最近のmtgは色々と騒ぎになることが多い。例えば、昨年頃からこっち新しいカードセットがほぼ毎月発売され、月刊mtgなどと周りでは言われていた。国産カードゲーム大手の遊戯王などよりはるかに早いペースでカードが来るのだから、結果として供給過多によりプレイヤーが疲弊するという中々ない事態が発生したのである。これについては、公式も認識していて、ペースを落とすということを行うと発表している。その割に先日公開された来年度のカード販売予定は1,5ヶ月に1商品くらいのペースな気がするが。
このハイペース販売によって発生したと思われるのが、強すぎるカードの作成である。カードゲームにおいて、強すぎるカードは大会などで使用を禁止されるのだが、今回問題になったのは発売されたばかりのカードが禁止になったことである。公式から文章も公開されたが、要するにカードのバランス調整を失敗したとのことで、TRPGのゲームマスターとしてエネミーを作ることもある私にとっても身につまされる話ではあるが、それとこれはレベルが違う。公式大会では賞金をかけて争う以上、そのようなことがおいそれと起きてはならない。プロとして、生活をかけて戦っている人もいるのだ。
結局のところ、我々プレイヤーが続々と発売されるカードを追い切れずに疲弊していたように、公式もあまりにも多い新商品を全て管理できず、チェックの網をすり抜けてバグのようなカードが誕生してしまったということである。これをさして、公式はカードデザインが下手になったのではないかとか色々言われている。しかし、私はこれに意義を立てたい。なお、以下はあくまで私個人の考え、感想であることを付記しておく。
mtgは世界最初のトレーディングカードゲームと言われており、それでありながら現在もサポートが手厚く、前述の通り、プレイヤーが疲弊するくらいには新商品を作り続けている。それだけのサポートをし、商品を販売するのは需要があるからである。では、何故その需要があるかといえば、ひとえにmtgが面白いからという結論に達する。
では、何故面白いか。私が思うのは、戦略性である。mtgは、他のカードゲームに比べてできることが多い。詳細は省くが、相手の勝利を禁止したり、逆に自分の敗北を禁止したりといった、ゲームの勝敗という原則に介入することができるカードも存在する。カードをコピーしたり、両面に効果が書かれているカードがあったり、他のカードゲームではできないようなことができるカードゲームなのだ。
いまでこそ前述の勝利禁止、敗北禁止は一般的になったし、なんならそこまで強くないという評価を下されているが、初登場した時の衝撃は凄まじいものだっただろう。そういった、カードゲームとしての当たり前を破壊して、新しいギミックを作っていたmtgだが、当然ながら失敗もある。新しいこと、前例のないことをやろうとすれば、失敗するのは当たり前である。

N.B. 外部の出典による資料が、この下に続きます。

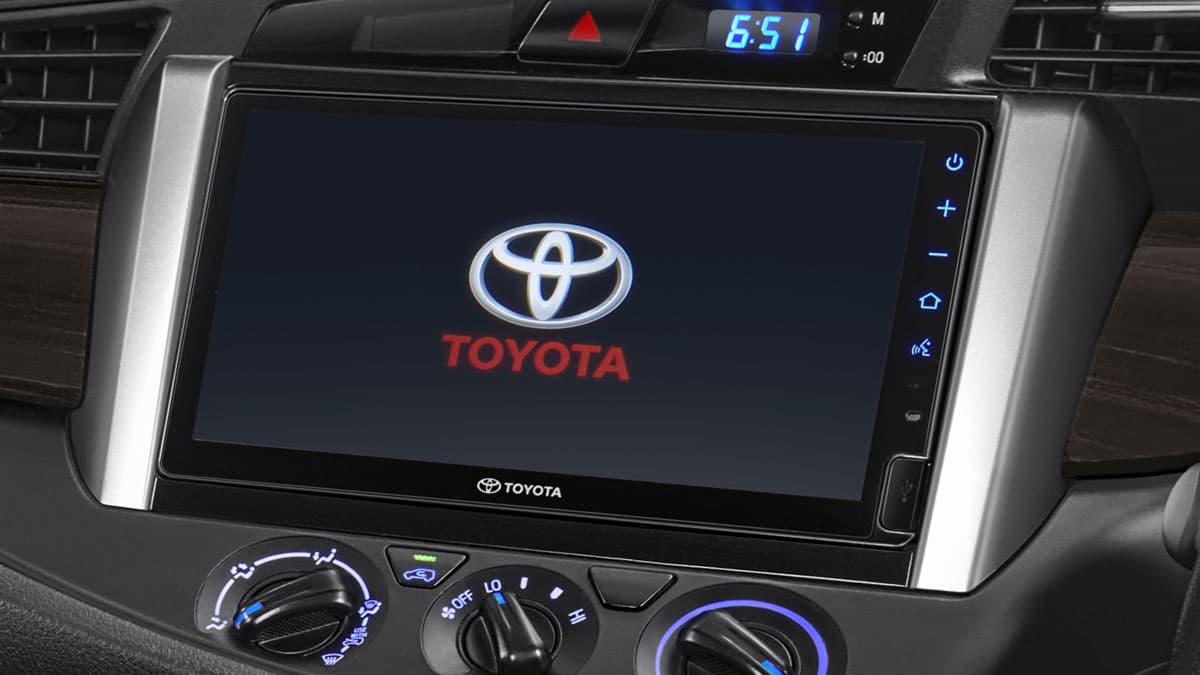 Head unit layar sentuh 8 inci yang responsif dengan fitur konektivitas lengkap. Memberikan hiburan berkualitas tinggi bagi seluruh penumpang untuk pengalaman berkendara yang lebih menyenangkan dan modern di setiap perjalanan.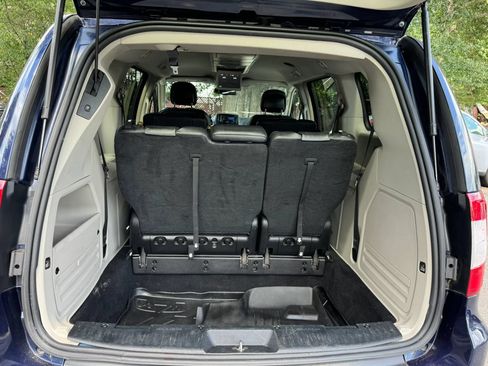 Used 2016 Chrysler Town & Country Touring FWD image 31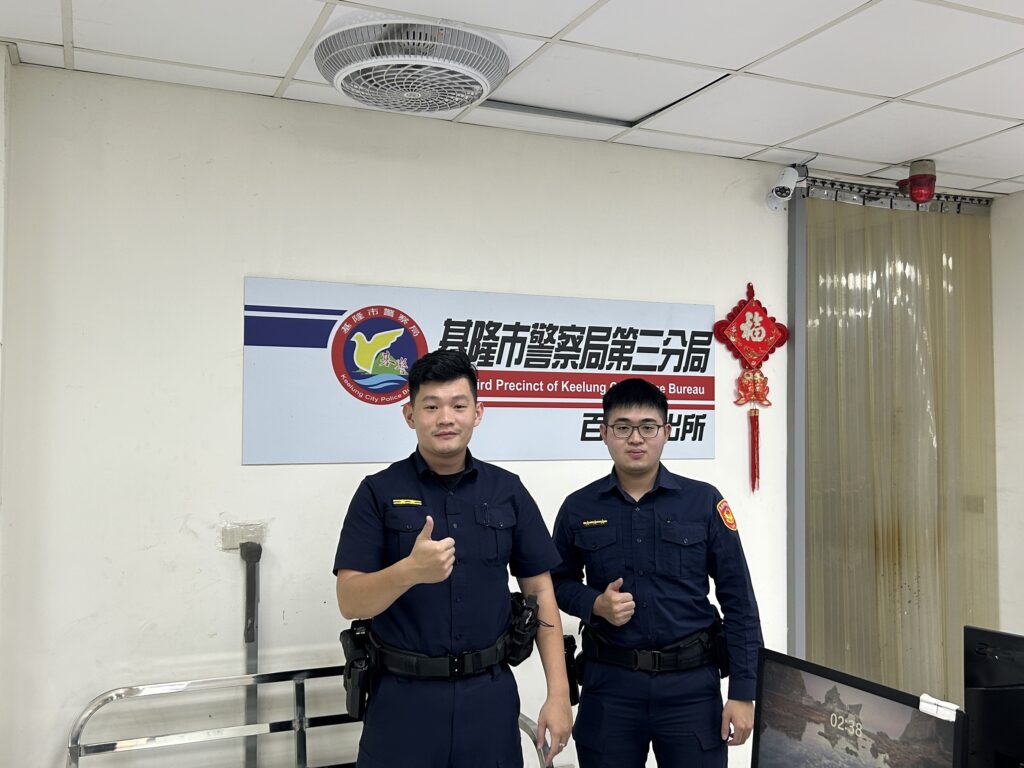 學童手作氣球至百福派出所送暖 警察哥哥們回贈防詐小提醒 19 1764569087887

実際、公式から直々に強すぎたとか、弱すぎたとかの理由で失敗作と断じているカードも存在する。
そういったカードはない方がいい。それは間違いない。しかし、それでは新しいカードは、革新的なギミックは生まれない。30年以上の歴史を持ってなお、今もプレイヤーに愛されているのは、失敗を恐れず、失敗してもなおこれまでにない新しいものを作り続けようとする心意気があるからではないだろうか。これだけ長くやっていれば、カードの効果、ギミックにネタ切れが発生してもおかしくない。しかし、そういったことはなく、今まで、そしてこれからも新しいカードは発売されていく。カードデザインの失敗は、慢心することなくさらなる面白さを追求した結果なのだ。
私の周りにもデザインの失敗を指して、公式の悪口を言う者がいるし、私も言ったことがある。デザインに失敗したカードは、それらはないに越したことはないからだ。しかし、それらの存在は翻って、今なお新しいゲームを作ろうとした公式の努力の証明なのだ。それらを持って、私は公式を評価している。結果はさておき、日々新しいカードゲームを作ろうという企業努力は、認められるべきだと思うからだ。
最初に書いた通り、これは私の意見である。基本的に私はカジュアルプレイヤーであるし、大会に出ることもほとんどない。禁止カードの発表がされても、どちらかと言えば環境に変化があるからと楽しんでいるような身である。カードが大量に発売されるのだって、供給がないよりはあった方がいいと、どちらかと言えば好ましいと内心思っていたりもした。日々新しいカードを見れるのは楽しいと。そう言った遊びで楽しんでいる立場だから言えることであって、mtgで生活をたてるプロプレイヤーからすれば、こういったデザインの失敗による禁止カードの制定は許しがたいものだろう。それは当然である。しかし、失敗だけでなく、挑んだ努力を指して評価することも、大事なのではないかと思うのである。
それはさておき、もちろん一人のプレイヤーとして、強すぎるカードは消えろと、そうも思うのである。オーコはくたばれ。